# Nearly a new record!



## Mattuk (Oct 16, 2010)

http://www.dailymail.co.uk/news/article-2058188/Angler-eats-huge-sea-bass-discover-record-breaker.html


----------



## bones44 (Jan 7, 2011)

Oh well, bet he had a record the next morning eating that much fish !!


----------



## On a call (Mar 3, 2010)

Ha funny one there Tom.

Always easy to say afterwards. Do you really think it was that large ?


----------



## Mattuk (Oct 16, 2010)

Its a high end double figured fish who knows may a 20lb fish.


----------



## youngdon (Mar 10, 2010)

Buuurpp !


----------



## On a call (Mar 3, 2010)

Fish on....bet he puts the next big one to the scale test.


----------



## Mattuk (Oct 16, 2010)

The next one like that could be 5 years down the road 1000 miles away! Thats why they are hardly ever broken!


----------



## On a call (Mar 3, 2010)

Just takes one...there are many records swimming about.

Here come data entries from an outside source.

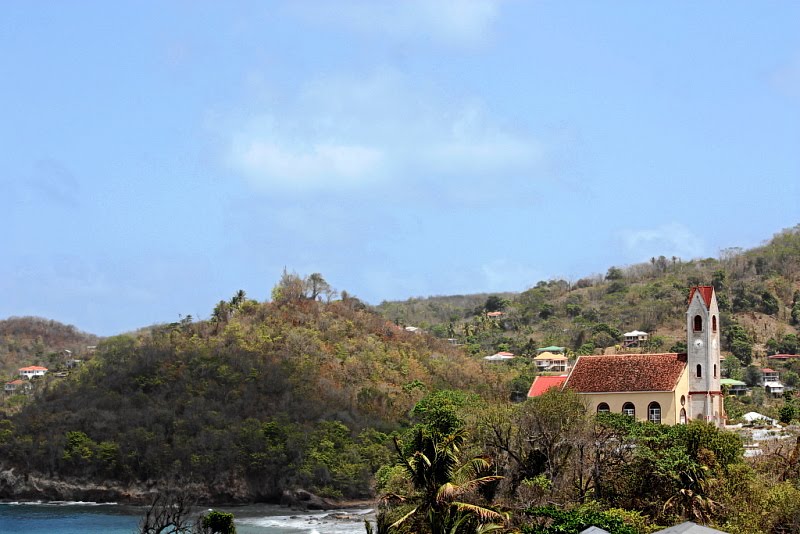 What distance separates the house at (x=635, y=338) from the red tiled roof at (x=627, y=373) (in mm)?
45133

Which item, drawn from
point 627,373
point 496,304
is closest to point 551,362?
point 496,304

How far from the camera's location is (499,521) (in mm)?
28828

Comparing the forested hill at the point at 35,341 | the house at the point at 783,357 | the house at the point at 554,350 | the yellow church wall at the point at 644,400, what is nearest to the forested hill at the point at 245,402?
the house at the point at 554,350

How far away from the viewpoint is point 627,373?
47.8 m

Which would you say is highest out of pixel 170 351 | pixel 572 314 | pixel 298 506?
pixel 572 314

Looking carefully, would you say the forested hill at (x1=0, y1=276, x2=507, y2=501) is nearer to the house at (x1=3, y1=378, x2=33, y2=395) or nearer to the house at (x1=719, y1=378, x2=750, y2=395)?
the house at (x1=3, y1=378, x2=33, y2=395)

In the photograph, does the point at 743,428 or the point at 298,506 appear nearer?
the point at 743,428

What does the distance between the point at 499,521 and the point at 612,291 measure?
98.8 m

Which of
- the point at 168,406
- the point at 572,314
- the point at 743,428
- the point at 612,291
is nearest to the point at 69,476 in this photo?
the point at 168,406

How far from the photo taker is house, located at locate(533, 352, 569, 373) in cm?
8788

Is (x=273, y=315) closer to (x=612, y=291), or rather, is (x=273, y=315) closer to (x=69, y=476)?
(x=69, y=476)

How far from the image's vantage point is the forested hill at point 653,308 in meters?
95.2

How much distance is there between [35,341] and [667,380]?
10588 cm

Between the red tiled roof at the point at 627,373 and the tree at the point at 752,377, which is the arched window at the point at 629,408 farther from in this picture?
the tree at the point at 752,377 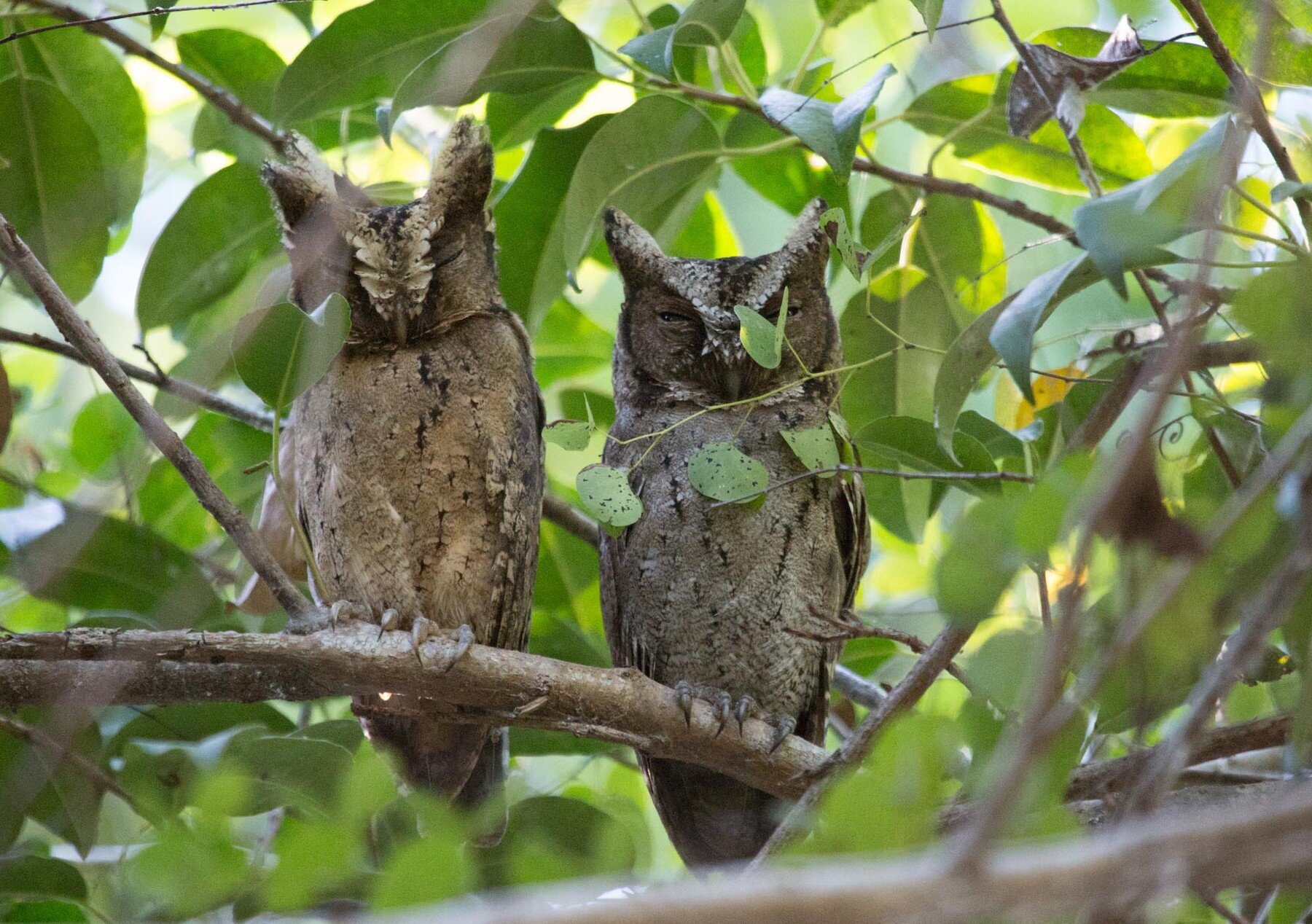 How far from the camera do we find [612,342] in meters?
2.87

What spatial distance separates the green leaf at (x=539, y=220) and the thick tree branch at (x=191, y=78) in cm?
45

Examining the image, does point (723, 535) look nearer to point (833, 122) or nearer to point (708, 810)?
point (708, 810)

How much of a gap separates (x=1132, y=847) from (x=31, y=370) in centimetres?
368

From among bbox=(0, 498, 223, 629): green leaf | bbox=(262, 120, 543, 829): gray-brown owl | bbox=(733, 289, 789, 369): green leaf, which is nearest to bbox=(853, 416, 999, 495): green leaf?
bbox=(733, 289, 789, 369): green leaf

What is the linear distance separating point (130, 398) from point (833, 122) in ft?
3.59

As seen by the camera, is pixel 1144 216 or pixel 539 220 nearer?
pixel 1144 216

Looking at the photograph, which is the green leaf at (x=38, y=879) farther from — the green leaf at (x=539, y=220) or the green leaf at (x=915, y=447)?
the green leaf at (x=915, y=447)

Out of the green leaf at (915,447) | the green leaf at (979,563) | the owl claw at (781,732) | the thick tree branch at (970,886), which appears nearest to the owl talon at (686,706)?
the owl claw at (781,732)

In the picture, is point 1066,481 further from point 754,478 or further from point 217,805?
point 754,478

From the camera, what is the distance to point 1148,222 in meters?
0.95

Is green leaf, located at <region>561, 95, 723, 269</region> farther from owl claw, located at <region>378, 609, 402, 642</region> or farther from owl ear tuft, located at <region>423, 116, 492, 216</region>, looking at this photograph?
owl claw, located at <region>378, 609, 402, 642</region>

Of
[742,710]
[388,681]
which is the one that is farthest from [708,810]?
[388,681]

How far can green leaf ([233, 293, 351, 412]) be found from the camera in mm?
1475

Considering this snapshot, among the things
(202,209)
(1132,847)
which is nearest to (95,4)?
(202,209)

But as the saying goes...hind sight is 20/20


----------



## Mattuk (Oct 16, 2010)

Not like that Brian thats a fish of a life time.


----------



## youngdon (Mar 10, 2010)

On a call said:


> ...there are many records swimming about.


It's not a record until it's caught and recorded....till then it's just another fish, albeit,a big one. Otherwise I have the world record 1000yd target in my gun room( I just haven't shot it yet)


----------



## youngdon (Mar 10, 2010)

I am by the way accepting down payments for endorsing you or your product ... let me know if you need my address..


----------



## HowlinRed (Feb 3, 2011)

Sometimes you get one chance to get it "right" in life,and he ate it!


----------